Everyday Choices. The American Cancer Society, American Diabetes Association and American Heart Association joined in this initiative to better inform clinicians and patients on screenings for common diseases. Physician tools include a short list of recommended health screenings and appropriate intervals and a “health card” that can be used to facilitate conversations with patients.
My Health Finder. This resource includes less detailed versions of some of the USPSTF recommendations. For example, users who enter their age and gender receive a list of doctor-recommended services and screening intervals, and a second list of additional services that may be recommended based on family history or other risk factors.
ACP Patient Summaries. This College resource provides summaries of ACP guidelines for a wide range of diseases and conditions, and addresses recommended screening and prevention.
Everyday Choices. Patient-focused offerings include risk assessment tools and quizzes, screening recommendations by age and ethnicity, and interactive resources for personal health-improvement planning.

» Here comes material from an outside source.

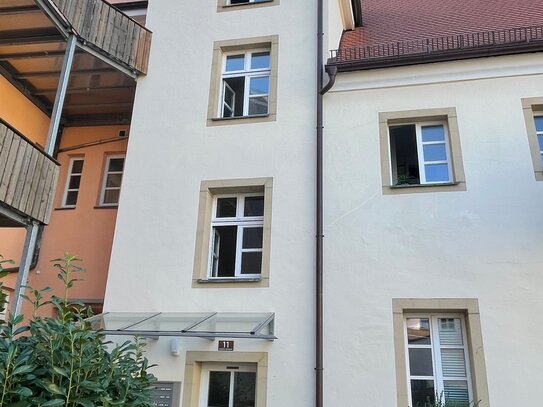 Komplett möbliertes 1-Zimmer-Apartment in der Amberger Altstadt zu vermieten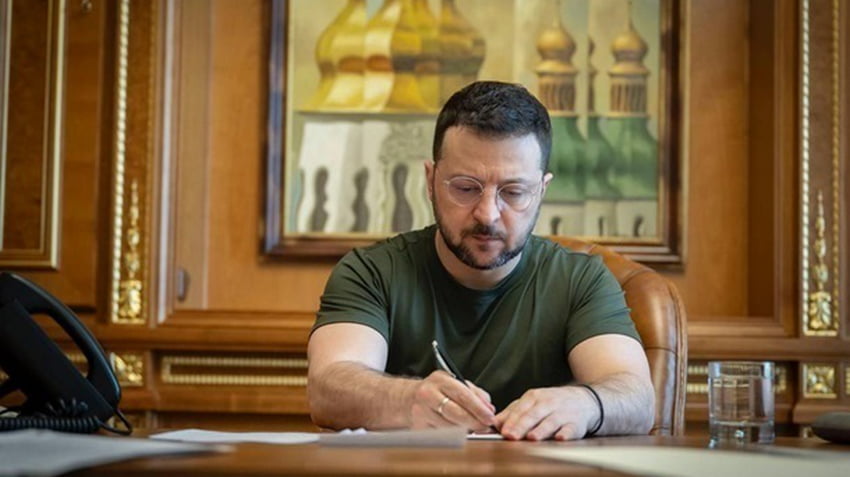 Зеленський підписав закон щодо зарплат чиновників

Employers look to annuals, primary care to improve workforce health
Scientific experts and practicing internists may hold widely divergent views of annual physicals and their value, but employers are increasingly looking to such encounters to help reduce health risks and runaway morbidity in their workforce.
To date, most employers have used a carrot approach to encourage workers to seek regular care or participate in wellness programs. But some, frustrated by skyrocketing health costs, are moving toward the stick. A handful of companies now require health-risk assessments, although they don’t penalize workers who receive “poor grades” and do offer health-improvement resources. One company, AmeriGas Propane, took the stick further last summer, after its wellness programs failed to yield results: It mandated that all employees undergo an annual medical checkup or risk losing their insurance benefits.
Last October, IBM underscored its views on the value of prevention-focused primary care encounters by enhancing its existing coverage for annual “wellness” visits. Starting this month, the company provides 100% coverage for all primary care visits, whether they’re for acute issues or preventive services, to in-network internists and other clinicians.